- Understanding the different types of contracts in business law helps entrepreneurs avoid disputes and protect their interests.
- Written, oral, express, and implied contracts each serve unique purposes depending on how agreements are formed.
- Unilateral and bilateral contracts differ in how obligations are created between parties.
- Executed, executory, and contingent contracts help define when and how contractual obligations are fulfilled.
- Choosing the right contract type reduces business risks and leads to smoother, legally sound transactions.
Entrepreneurs deal with agreements every day—from hiring employees to partnering with suppliers. But while contracts may seem straightforward, the legal structures behind them matter more than many business owners realize. Knowing the different types of business contracts helps you reduce risks, build trust, and avoid costly disputes.
This guide breaks down the main types of contracts in business law, with practical examples to help you apply them in real-life situations. We’ll also touch on why business law is important and how understanding the types of contracts in business law can protect your company.
Understanding the Basics: What Makes a Contract Legally Valid?

Before diving into specific contract types, it’s essential to understand how contracts become legally enforceable. A valid business contract must include key elements such as an offer, acceptance, consideration, mutual agreement, and legality of purpose.
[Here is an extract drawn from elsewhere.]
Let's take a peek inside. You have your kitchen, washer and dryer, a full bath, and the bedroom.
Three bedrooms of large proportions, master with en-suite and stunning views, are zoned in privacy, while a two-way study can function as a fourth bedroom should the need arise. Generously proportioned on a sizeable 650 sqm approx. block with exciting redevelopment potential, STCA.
Without these, even a professionally drafted document may not stand in court.
Contracts also vary based on how they are created. Some agreements are formal and written, while others can be verbal or implied by actions. This flexibility is helpful for entrepreneurs, but also risky if misunderstandings arise. Whether you are closing your first deal or managing multiple clients, knowing what makes a contract enforceable ensures your business relationships start on solid ground.
The Main Types of Contracts in Business Law
Understanding the types of contracts in business law is essential for entrepreneurs who rely on clear, enforceable agreements to run daily operations. Each contract type serves a different purpose, and using the right one can protect your business from liability, financial losses, and disputes. This section explains the most common contract types you’ll encounter, with examples to guide your decision-making. Whether you’re hiring new team members, securing suppliers, or entering a partnership, knowing these categories ensures you’re using the appropriate legal structure.
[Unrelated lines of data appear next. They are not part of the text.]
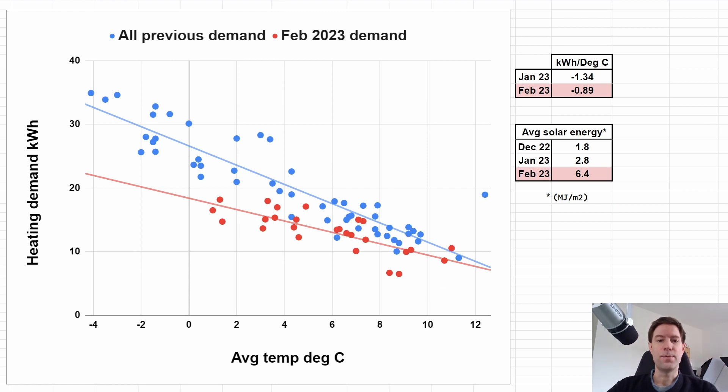This is the chart of heating demand in kilowatt hours versus the average temperature for each day during February — shown as red dots — compared to all of the previous data from December and January in the blue dots. You can see that generally speaking the February dots lie below the December and January dots by quite a significant margin. The slope of the best fit line through the February data is minus 1.89 kilowatt hours per degree, meaning for every degree colder it gets we use 0.89 kilowatt hours extra for heating. Comparing that against the January value of minus 1.34 kilowatt hours per day, you can see that the blue line is quite a lot steeper.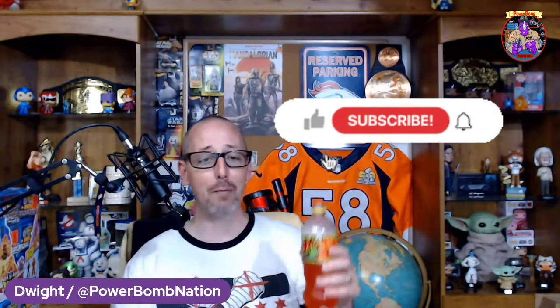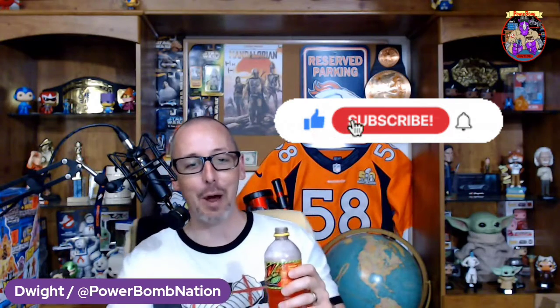Good job Mountain Dew for innovative thinking with the Flaming Hot Mountain Dew. Like and subscribe for more flaming hot content here on the Powerbomb Nation.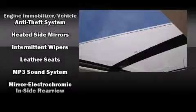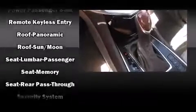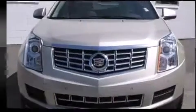Passenger security is always assured thanks to various safety features such as head curtain airbags, front and side impact airbags, ignition disabling, OnStar, and four-wheel disc brakes with ABS. Sophisticated all-wheel drive technology maintains a firm grip on the road.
Written and Oral Contracts
Written contracts are formal documents signed by both parties, making the terms easy to reference and enforce. For example, a lease agreement or a vendor contract typically falls under this category. Oral contracts, on the other hand, are spoken agreements. They are often used in quick or informal transactions, but can be harder to prove. A verbal promise to pay for a service may be enforceable, but evidence is limited.
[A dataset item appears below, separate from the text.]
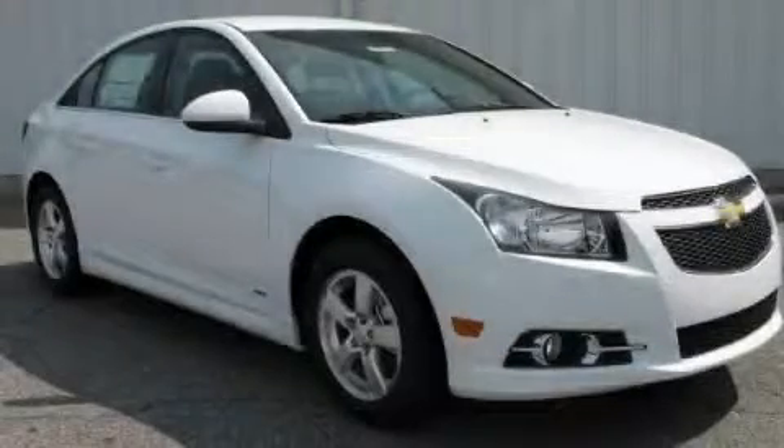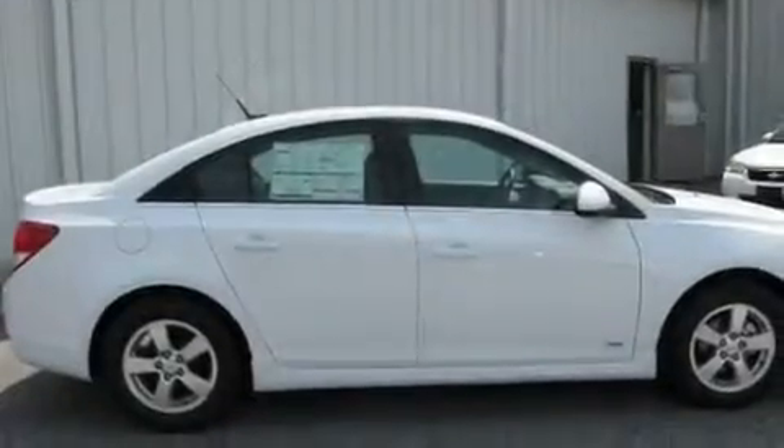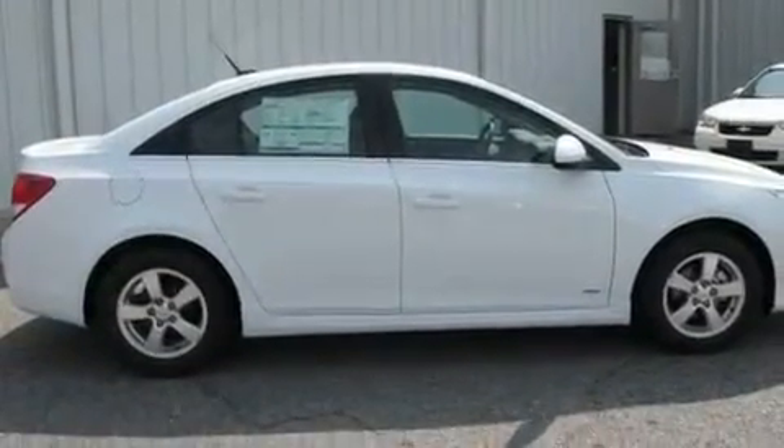This is a brand-new 2011 Chevrolet Cruze. It has a 1.4-liter four-cylinder engine and a six-speed automatic transmission.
Express and Implied Contracts
Express contracts clearly state the terms, either verbally or in writing. An example is a signed employment agreement outlining pay, duties, and working hours. Implied contracts, however, arise from actions or circumstances. For instance, if you visit a salon, it is implied that you will pay for the service provided. Entrepreneurs often use both types without realizing it.
How Do Contract Structures Differ? Understanding Unilateral and Bilateral Agreements
Every business deal involves an exchange of obligations, but not all exchanges work the same way. Unilateral and bilateral contracts outline how commitments are made between parties, and understanding the difference helps entrepreneurs draft clearer agreements. Choosing the right structure ensures that both sides know their responsibilities and what actions trigger contractual obligations. This clarity prevents misunderstandings and helps entrepreneurs manage risks when working with clients, suppliers, or contractors.
Bilateral Contracts
Bilateral contracts are the most common type, involving a mutual exchange of promises. For example, a service contract where the business promises to deliver a service, and the client agrees to pay, is bilateral. Both sides have responsibilities, making it easier to define expectations and performance.
Unilateral Contracts
Unilateral contracts involve one party making a promise in exchange for an action. A good example is a reward contract, such as offering payment for finding a lost item. This contract becomes enforceable only when the action is completed. Entrepreneurs may use unilateral contracts for promotional campaigns or incentive programs.
What About Contract Status? Executed, Executory, and Contingent Agreements

Not all contracts are fulfilled at the same time. Some agreements are completed immediately, while others take time or depend on certain conditions. Understanding these categories helps entrepreneurs track obligations, deadlines, and performance. The more you understand contract status, the better you can manage timelines and avoid delays in business operations. These distinctions also help when reviewing legal documents before signing.
Executed Contracts
An executed contract is one where both parties have fulfilled their obligations. A simple example is a one-time cash purchase of equipment. Once payment is made and the item is delivered, the contract is complete.
Executory Contracts
Executory contracts involve obligations that are still pending. A year-long supply agreement, where monthly deliveries are expected, is an executory contract. Most business agreements fall under this category because performance happens over time.
Contingent Contracts
Contingent contracts rely on certain conditions being met before becoming binding. For example, a partnership agreement that activates only after receiving investor approval is contingent. These contracts help entrepreneurs plan for uncertain situations.
Conclusion
Understanding the main types of contracts in business law gives entrepreneurs a strategic advantage in managing relationships, minimizing risks, and ensuring smooth operations. Whether you’re entering a partnership, hiring talent, or securing suppliers, knowing which contract structure fits your situation helps prevent misunderstandings and strengthens legal protection.
As your business grows, these contract fundamentals become even more essential, guiding you toward smarter decisions and more reliable agreements. With clearer knowledge and the right documentation, you can operate confidently and build a more resilient foundation for long-term success.